Why Use Docker

Docker is a platform for developing, collaborating on, and distrubiting software. It allows you to run your software in a controlled, artificial operating system environment called a container. Containers are like light-weight virtual machines that only run the OS software needed to run your program(s), and not the whole OS. This builds off of makefile methods in that it allows your analysis to be run in a lightweight and contained environment with minimal dependency issues.

Getting Started with Docker (Tutorial)

The Docker website has some really helpful documentation and tutorials for helping you get started. Here we are going to do through an abridged version of that introductory information, while learning more about Docker in the process.

Installing Docker

Installing Docker is easy. Go here to install Docker for Mac and here to install Docker for Windows. Once we have Docker installed, we are going to want to check that it is working. That means it's time to open up that terminal!

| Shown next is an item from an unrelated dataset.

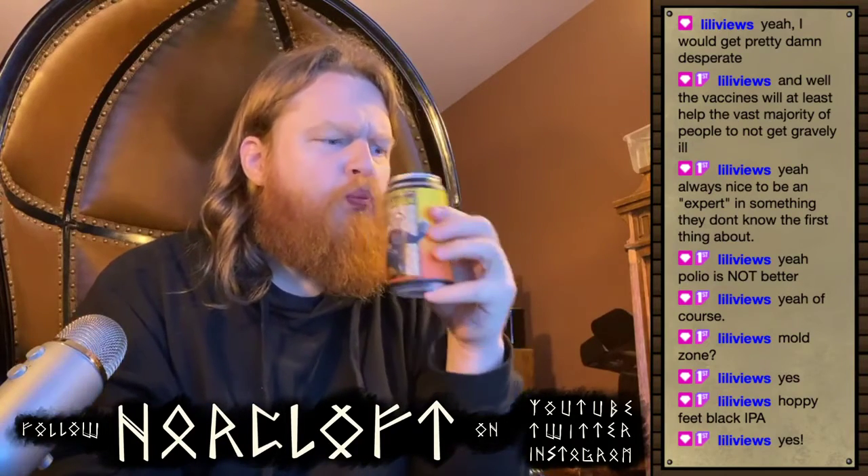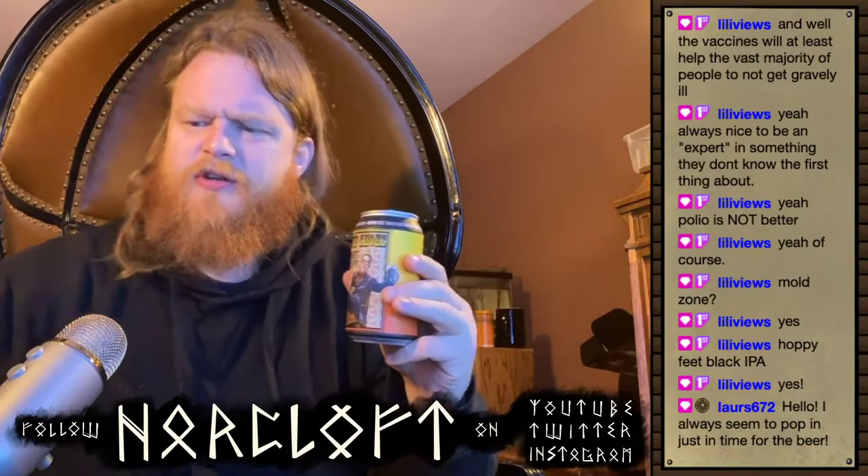Oh yeah, that tastes a lot more like a stout than it does an IPA. What's different from being a stout is that it doesn't have that thick rolling mouthfeel — it's much crisper and thinner. It feels more watery on the mouth and has a sort of crisp dry hoppiness, at the same time as having the coffee flavors you'd expect from a porter.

Like git commands are run by first typing git followed by the desired git command (e.g. git commit), Docker commands are run by first typing docker followed by the desired command. We can easily try this out and confirm that the installation worked. For starters, we can check our Docker version.

docker version

The Basic Docker Architecture

At its most basic, Docker is working with two basic elements. These are images and containers. The formal definitions (from the glossary) are as follows.

Container

A container is a runtime instance of a docker image. A Docker container consists of:

Image

Docker images are the basis of containers. An Image is an ordered collection of root filesystem changes and the corresponding execution parameters for use within a container runtime.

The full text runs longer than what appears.